Short version: This was boring and dull. It was anticlimactic, and I despise when first person present tense narrations switch over to third person narrations when the main character dies. BOO.
It wasn't the worst book I've ever read, and I reserve one star rating for things I truly hate, so this doesn't quite fit the bill. But I wouldn't recommend this at all, so there's that.
Hey, there's the classic haunted-house-cart-thing-we're-totally-gonna-kiss-but-wait-there's-the-end-of-the-ride moment.
Austin's obsession with Kaylee is starting to outweigh everything else this story is supposed to be about. Also, he went to visit his friend Allie, who was raped. How do I know she was raped? Because as soon as Austin came over, she gave us a play-by-play of exact how it happened, where it happened, etc... For a girl who has supposedly closed herself off from the world, she opened up pretty fast to a guy she hasn't talked to in a long time.
Just... bleh. Everything about this is too convenient, too packaged, too Austin-saves-the-day. I don't like it.
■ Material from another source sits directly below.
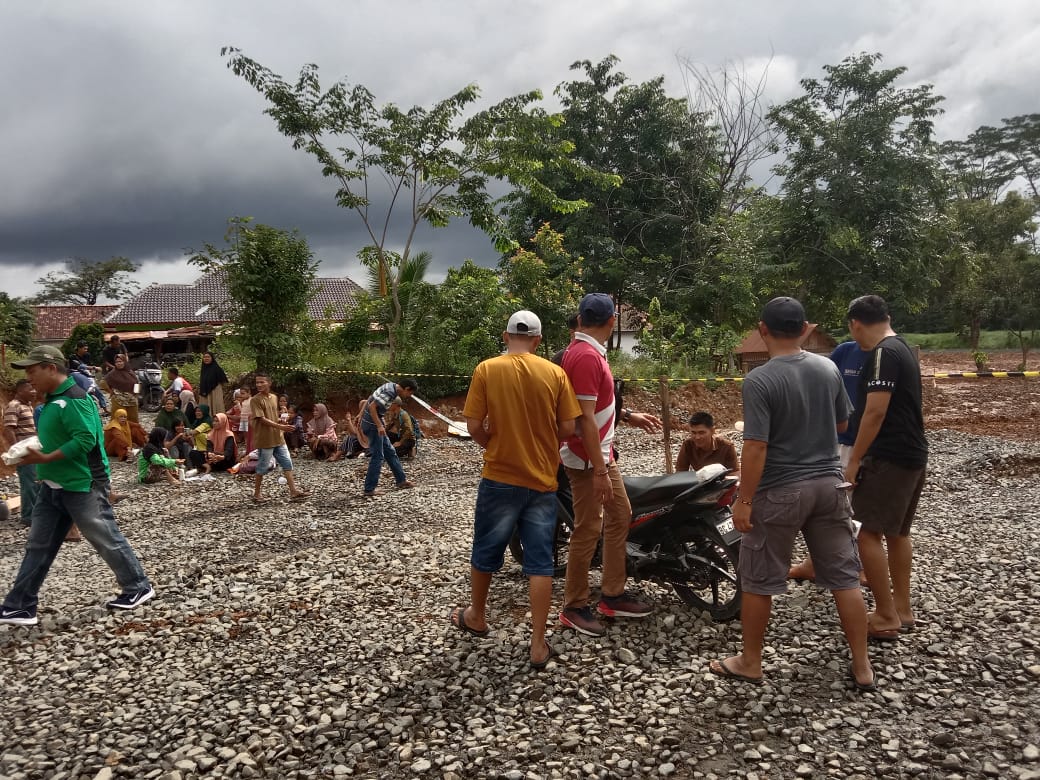 Waduh, Di Duga Tidak Melibatkan Warga Sekitar Jalan Houling PT MIP Di Segel Oleh Masyarakat Dua Desa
Also, is this day like, 100 hours long?? How did they have time to visit like, four or five different people, go to the county fair (complete with roller coasters, other rides, and food--that kind of expedition takes me about a whole day), AND drive to Seattle, eat dinner at the Sky Deck place at the Space Needle, etc... And then drive home... And now he's trying to convince Kaylee to take him somewhere else. Kaylee claims it's nine o'clock, but I don't see how that's physically possible.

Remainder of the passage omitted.